Requirements for using Assume Referential Integrity
This setting is an advanced setting, and is only enabled when connecting to data using DirectQuery. The following requirements are necessary for Assume Referential Integrity to work properly:
- Data in the From column in the relationship is never Null or blank
- For each value in the From column, there's a corresponding value in the To column
In this context, the From column is the Many in a One-to-Many relationship, or it's the column in the first table in a One-to-One relationship.
Example of using Assume Referential Integrity
The following example demonstrates how Assume Referential Integrity behaves when used in data connections. The example connects to a data source that includes an Orders table, a Products table, and a Depots table.
In the following image that shows the Orders table and the Products table, referential integrity exists between Orders[ProductID] and Products[ProductID]. The [ProductID] column in the Orders table is never Null, and every value also appears in the Products table. As such, Assume Referential Integrity should be set to get more efficient queries. Using this setting doesn't change the values shown in visuals.
In the next image, notice that no referential integrity exists between Orders[DepotID] and Depots[DepotID], because the DepotID is Null for some Orders. As such, Assume Referential Integrity should not be set.
Finally, no referential integrity exists between Orders[CustomerID] and Customers[CustID] in the following tables. The CustomerID contains some values, in this case, CustX, that don't exist in the Customers table. As such, Assume Referential Integrity should not be set.
Setting Assume Referential Integrity
To enable this feature, select Assume Referential Integrity as shown in the following image.
When selected, the setting is validated against the data to ensure there are no Null or mismatched rows. However, for cases with a very large number of values, the validation isn't a guarantee that there are no referential integrity issues.
In addition, the validation occurs at the time of editing the relationship, and does not reflect any subsequent changes to the data.
What happens if you incorrectly set Assume Referential Integrity?
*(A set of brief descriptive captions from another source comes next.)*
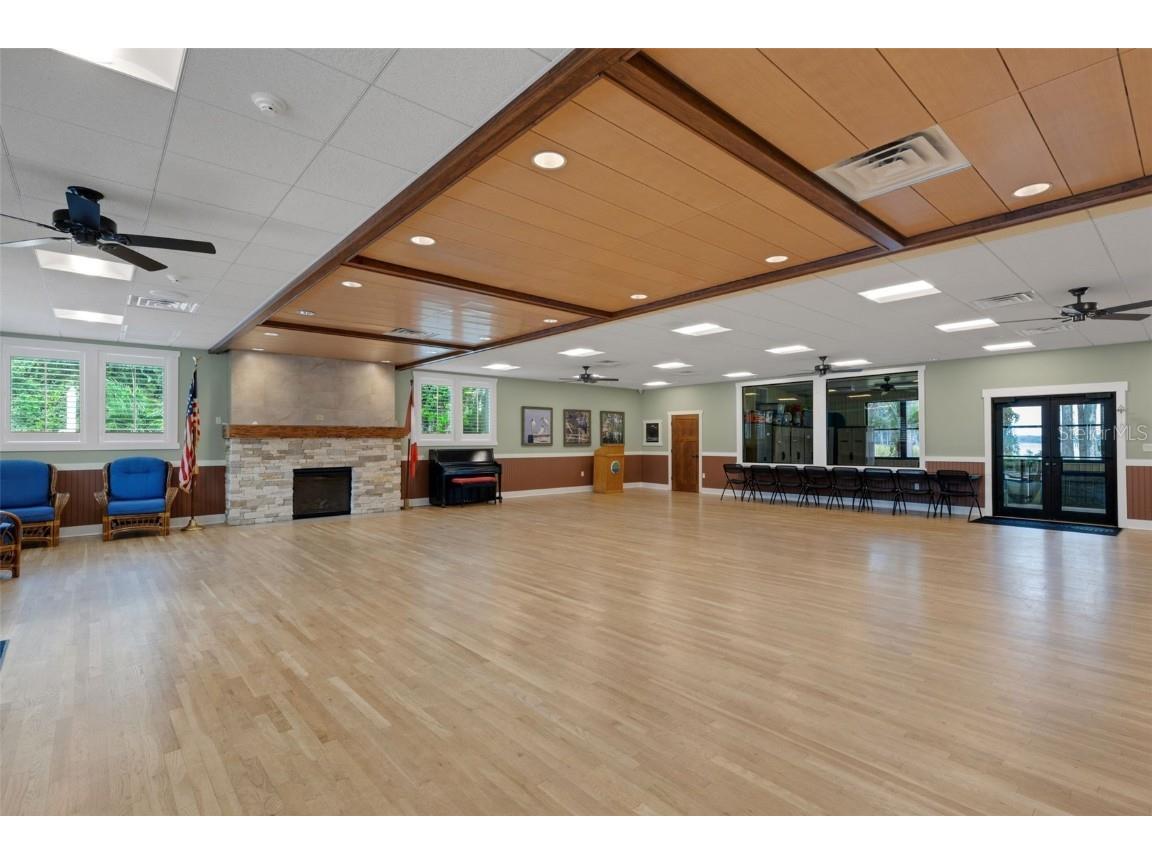 3098 E Dorchester Drive Palm Harbor FL 34684 - LAKE TARPON TB8433251 image83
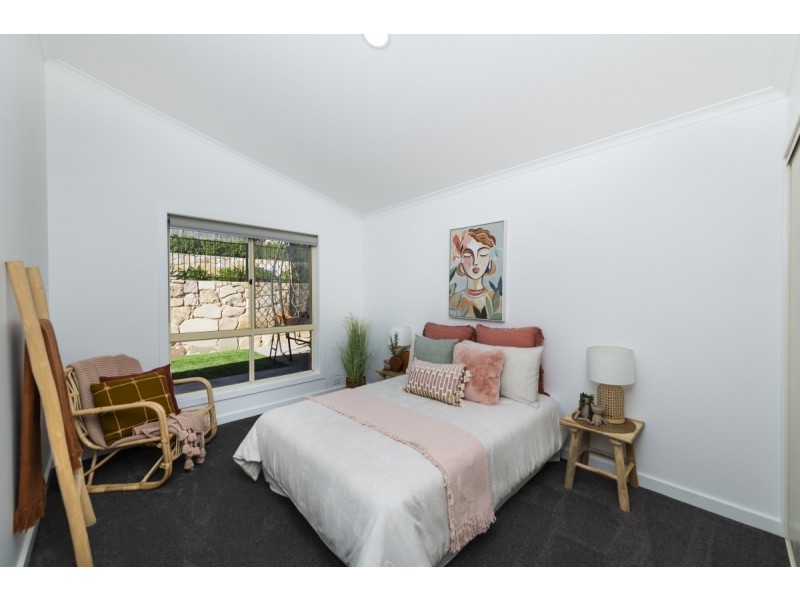 29 Cunningham Street, Queanbeyan NSW 2620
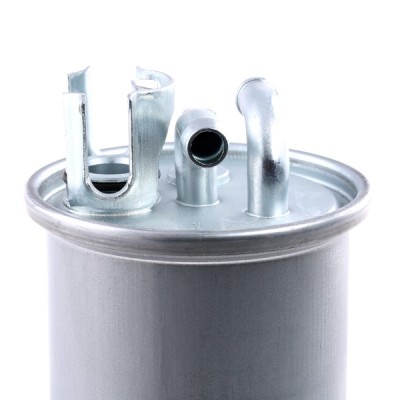 Fuel Filter RIDEX 9F0091 9F0091 - photo 2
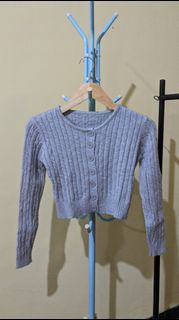(Kategori: ) berada di . Dikirim oleh moodthrift30 (ID iklan 1385087736, Gambar 1). Deskripsi: .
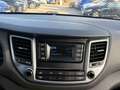 Hyundai TUCSON 1.6 2WD Go Radio, Klima, BT, USB Schwarz - thumbnail 10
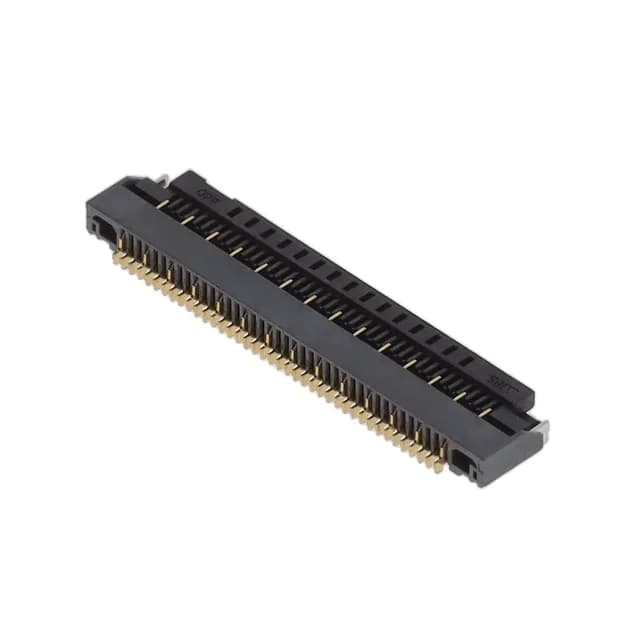 FH55M-40S-0.4SH — Hirose Electric Co Ltd product photo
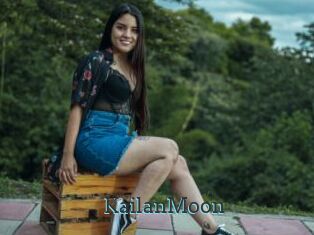 KailanMoon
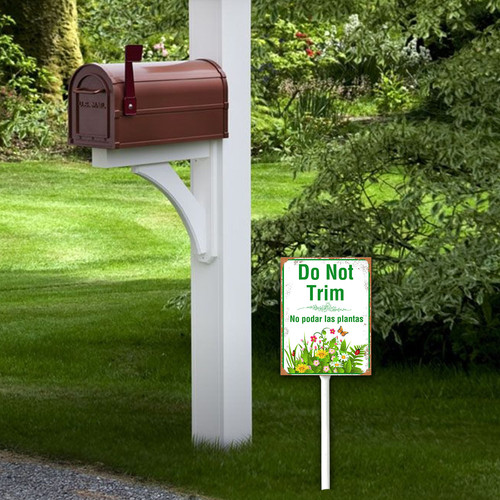 keep off grass 3 5.jpg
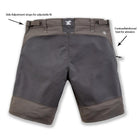 Pro Am Regatta Short | Various Colors-Bottoms-Bitter End Provisions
If you set Assume Referential Integrity when there are referential integrity issues in the data, that setting doesn't result in errors. However, it does result in apparent inconsistencies in the data. For example, for the relationship to the Depots table described here, it would result in the following:
- A visual showing the total Order Qty would show a value of 40
- A visual showing the total Order Qty by Depot City would show a total value of only 30, because it wouldn't include Order ID 1, where DepotID is Null.